Soon we needed rationing tickets to get allocations for the various basic foods. We still had to stand in line for hours. We also learned to cut in line by creating diversions. Henry would organize and I would execute faithfully, admiring his craftiness. Then, Henry started to teach me how to steal. He overcame my reluctance by pointing out that we were not really stealing, just taking a candy here and there. He would be the lookout, while I was supposed to also look around and then dip my hand into the candy bin. I was terribly scared and clumsy at this, maybe deliberately so. The first time that my hand almost reached a candy, the man called to me, “Hey, what are you doing there?” We both ran away and Henry never asked me again to steal with him. I never told on him to our parents, and neither did I ask him if he continued to steal by himself. I guess the start of the new school year saved us from further lines and other mischief. Soon such delicacies as sardines, oil, sugar, chocolate and white flour disappeared from the store shelves and my mother had to find different strategies to feed us.
It must have snowed a lot during the winter of 1940 and 1941. At the first snow, full of excitement, I called up my friend Vera to go sledding in the Bois de la Cambre where I used to go with my friend Peter. We stood on the tram platform with my sled, facing several arrogant-looking German officers in their spick-and-span uniforms and shiny black boots. We could follow their conversation without letting on that we knew German. At that time, the thought crossed my mind how much I would love to shove one of those officers off the platform. It remained just a thought.
When I was in sixth grade in Belgium, our class walked to a public indoor swimming pool every other week to learn how to swim. We couldn’t graduate from sixth grade without passing a swim test. On one of these walks I looked down and saw a dull silver coin. I picked it up and noticed it was a five cent square piece with rounded edges and without a hole. That intrigued me because all the centime pieces had a hole in the center. I kept the coin and became interested in collecting more coins. The irony of the whole thing is that much later in my life, I noticed that I didn’t have that particular five centimes piece anymore, my “good luck” piece during my years in hiding. Actually, I was sad, but by then I had a lot of other coins in my collection to comfort me. Eventually my collection of coins from all over the world would fill two large binders, thanks mostly to my grandson Joshua who was very young when he helped me organize it.
When I looked for a picture of that five cent piece in my coin catalog, I only found a picture of a similar fifty cent piece dated to the German Occupation during the First World War. That made sense to me because the finish of the piece was so dull and cheap, just like the coins issued under German Occupation during the Second World War.
After the war when I was in high school, a new girl joined our class. She had lived in South Africa during the war and gave me a few coins, one of them a small shiny one. When I showed these coins to my father, he pounced on the small shiny one saying, “This is an English gold pound. I’ll buy it from you for five francs.” By then I was fifteen years old and knew the value of an English gold pound. I don’t remember today whether the value on the black market was 200 francs or whether it was more. My father sold it for me on the black market. That was a lot of money at a time when my weekly allowance amounted to two or three francs, the admission to a movie. The first thing I went to buy was a box of watercolors in a specialty store.
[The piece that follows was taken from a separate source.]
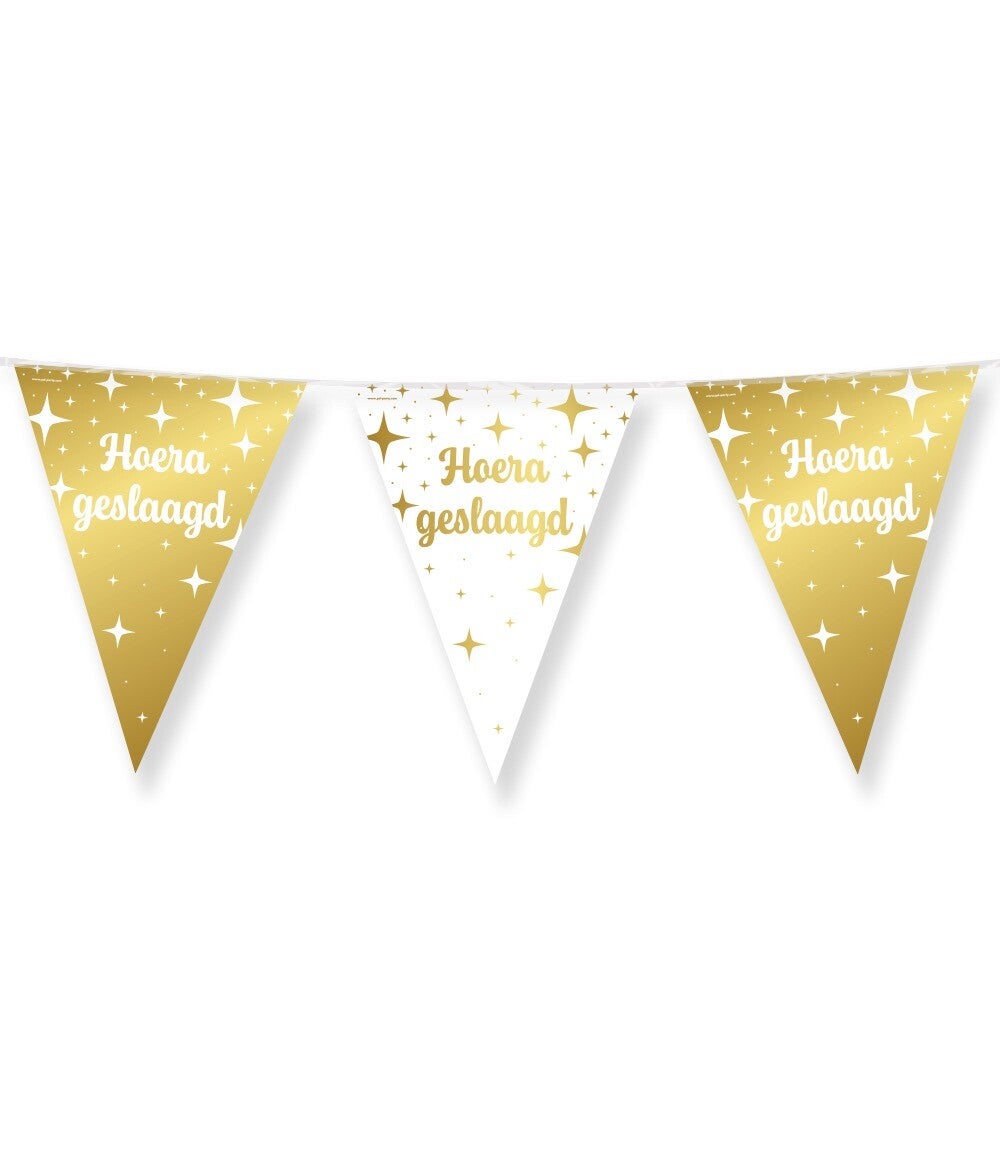 Geslaagd - Fancy party flags - vlaggenlijn goud / wit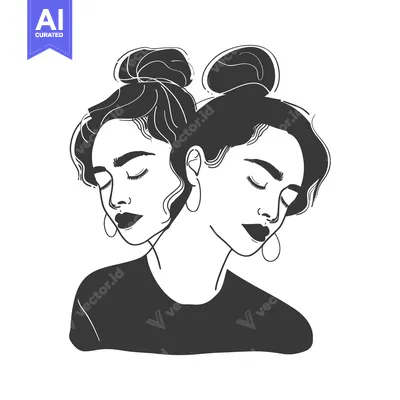 Aset desain premium: A Line Drawing of Two Women's Faces Joined Together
[1] Mrs. Jonas was a German woman married to a Jew who fled with him from Germany to Belgium. After the German May 10th invasion, the Belgian authorities gathered all the German male citizens, regardless if Jewish or not, and shipped them to a camp in St. Cyprien in Southern France. She helped my mother with the cleaning and washing, which was done by hand.
[2]If you want to see a similar flour bag, I refer you to the exhibit at the entrance of Hoover Tower at Stanford University where WWI decorated flour bags from Belgium hang high on a wall.